Last reviewed on 2026-04-24

Planing end grain is where most beginners meet their first catastrophic tearout. The fibers at the far edge of the board have nothing supporting them, and a plane pushing across end grain will blow those fibers out as a ragged corner. The good news is that end grain is straightforward once you understand why it blows out — and three well-known techniques make it routine.

Why End Grain Tears Out

End grain is the cross-section of the fibers. When a plane iron reaches the far edge of an end-grain cut, the fibers beyond the iron have nothing to push against. The iron pries them out of the board instead of slicing them, producing a splintered exit edge. Preventing that moment — when the iron runs off the far edge with no fiber support — is the whole task of planing end grain safely.

Three Methods

1. Chamfer the Far Edge

Before you start the main cut, use a block plane or chisel to put a small chamfer — 1 mm or so is plenty — on the far edge where the plane will exit. That chamfer means the far fibers no longer exist at the exit; any tearout that happens lands in the chamfered waste, not in the finished edge. It is the simplest and most reliable method and the one most woodworkers use by default.

2. Plane From Both Ends

Instead of one long stroke across the entire width, plane only part way from one side, then flip the board and plane from the other side to meet the first cut. Because you always stop short of the far edge, no fibers are forced to exit. The two cuts meet somewhere in the middle. This is the method of choice when you cannot chamfer the far edge — for example, on a board whose final edge must be sharp.

3. Use a Backing Board

Clamp a scrap piece of the same thickness tight against the far edge of the workpiece. The backing board's fibers take the blowout, not the workpiece. This is the method used when chamfering is not possible and when the end grain must be planed in continuous full-width passes — for example, when using a shooting board.

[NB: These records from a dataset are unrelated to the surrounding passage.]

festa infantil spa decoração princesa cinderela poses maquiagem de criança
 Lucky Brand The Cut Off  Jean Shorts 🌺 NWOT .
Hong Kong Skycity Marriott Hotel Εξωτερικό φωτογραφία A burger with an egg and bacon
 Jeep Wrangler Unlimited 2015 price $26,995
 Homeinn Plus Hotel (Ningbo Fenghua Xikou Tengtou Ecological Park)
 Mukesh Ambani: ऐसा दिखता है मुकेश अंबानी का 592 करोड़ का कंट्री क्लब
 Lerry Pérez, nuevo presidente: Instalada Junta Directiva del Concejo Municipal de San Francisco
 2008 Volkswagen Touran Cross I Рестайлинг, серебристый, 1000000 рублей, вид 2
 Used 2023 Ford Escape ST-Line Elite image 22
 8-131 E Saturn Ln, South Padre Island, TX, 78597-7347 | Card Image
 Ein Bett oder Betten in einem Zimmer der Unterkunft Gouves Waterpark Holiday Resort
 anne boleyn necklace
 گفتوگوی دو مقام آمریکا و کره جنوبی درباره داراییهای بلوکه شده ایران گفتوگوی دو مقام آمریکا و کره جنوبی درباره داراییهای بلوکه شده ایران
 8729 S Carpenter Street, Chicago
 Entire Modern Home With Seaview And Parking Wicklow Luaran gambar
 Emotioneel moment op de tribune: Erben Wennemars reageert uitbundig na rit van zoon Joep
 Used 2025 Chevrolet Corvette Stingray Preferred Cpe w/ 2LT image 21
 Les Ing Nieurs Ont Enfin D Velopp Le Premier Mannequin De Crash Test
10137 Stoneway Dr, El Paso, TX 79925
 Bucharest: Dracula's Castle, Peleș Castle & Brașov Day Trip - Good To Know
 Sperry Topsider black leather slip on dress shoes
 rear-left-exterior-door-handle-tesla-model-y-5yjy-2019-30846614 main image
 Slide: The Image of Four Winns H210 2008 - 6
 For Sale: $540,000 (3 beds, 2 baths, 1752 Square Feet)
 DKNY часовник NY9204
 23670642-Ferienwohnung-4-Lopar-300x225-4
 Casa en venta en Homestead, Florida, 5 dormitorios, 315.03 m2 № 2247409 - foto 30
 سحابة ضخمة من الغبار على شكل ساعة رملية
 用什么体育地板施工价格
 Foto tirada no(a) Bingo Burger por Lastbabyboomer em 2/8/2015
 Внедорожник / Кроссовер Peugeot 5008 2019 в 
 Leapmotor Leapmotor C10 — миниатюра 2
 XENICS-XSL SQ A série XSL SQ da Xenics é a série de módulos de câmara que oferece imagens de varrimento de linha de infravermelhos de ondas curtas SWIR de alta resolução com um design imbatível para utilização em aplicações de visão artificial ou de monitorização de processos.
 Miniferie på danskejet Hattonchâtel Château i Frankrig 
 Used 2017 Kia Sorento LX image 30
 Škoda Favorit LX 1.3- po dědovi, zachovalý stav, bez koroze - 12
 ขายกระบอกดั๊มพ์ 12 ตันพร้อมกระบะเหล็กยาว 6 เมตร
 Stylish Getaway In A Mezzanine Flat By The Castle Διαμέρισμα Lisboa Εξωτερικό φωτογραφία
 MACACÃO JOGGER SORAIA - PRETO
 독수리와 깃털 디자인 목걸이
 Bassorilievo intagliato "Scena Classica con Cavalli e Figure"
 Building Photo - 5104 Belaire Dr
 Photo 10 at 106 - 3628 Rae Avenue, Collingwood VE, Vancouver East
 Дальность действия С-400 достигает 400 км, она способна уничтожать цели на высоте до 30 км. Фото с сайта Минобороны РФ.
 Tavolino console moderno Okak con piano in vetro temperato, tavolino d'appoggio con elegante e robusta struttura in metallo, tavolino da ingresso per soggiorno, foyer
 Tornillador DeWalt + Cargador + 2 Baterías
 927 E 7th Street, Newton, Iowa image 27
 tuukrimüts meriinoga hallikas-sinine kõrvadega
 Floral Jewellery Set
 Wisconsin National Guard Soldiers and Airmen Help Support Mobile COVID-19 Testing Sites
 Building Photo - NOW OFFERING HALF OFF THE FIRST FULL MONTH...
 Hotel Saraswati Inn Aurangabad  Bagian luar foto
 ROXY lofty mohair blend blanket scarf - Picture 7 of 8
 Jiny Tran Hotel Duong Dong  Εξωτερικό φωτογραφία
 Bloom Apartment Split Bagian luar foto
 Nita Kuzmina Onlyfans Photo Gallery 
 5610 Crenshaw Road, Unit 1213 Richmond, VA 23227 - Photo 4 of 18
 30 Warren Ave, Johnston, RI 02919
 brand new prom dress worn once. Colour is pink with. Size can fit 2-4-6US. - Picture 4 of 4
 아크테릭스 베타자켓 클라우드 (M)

Plane Geometry for End Grain

End grain cuts cleanly with a low effective cutting angle. The classic choice is a low-angle block plane (bed angle 12°, 25° bevel, for a 37° cutting angle). A bevel-up bench plane with a similar setup is also excellent. A standard bevel-down bench plane at 45° will work but requires a sharper iron and more effort; on end grain a 37° plane feels dramatically easier.

Technique Tips

What Good End Grain Looks Like

A cleanly planed end grain surface has open pores, no splintered edges, and reflects light much like face grain on the same board. It should be smooth under the fingertip — comparable to what 400-grit sandpaper produces on face grain. Finish applied to end-grain always absorbs more quickly than on face, but a planed surface accepts finish evenly without the "blotch" of sanded end grain.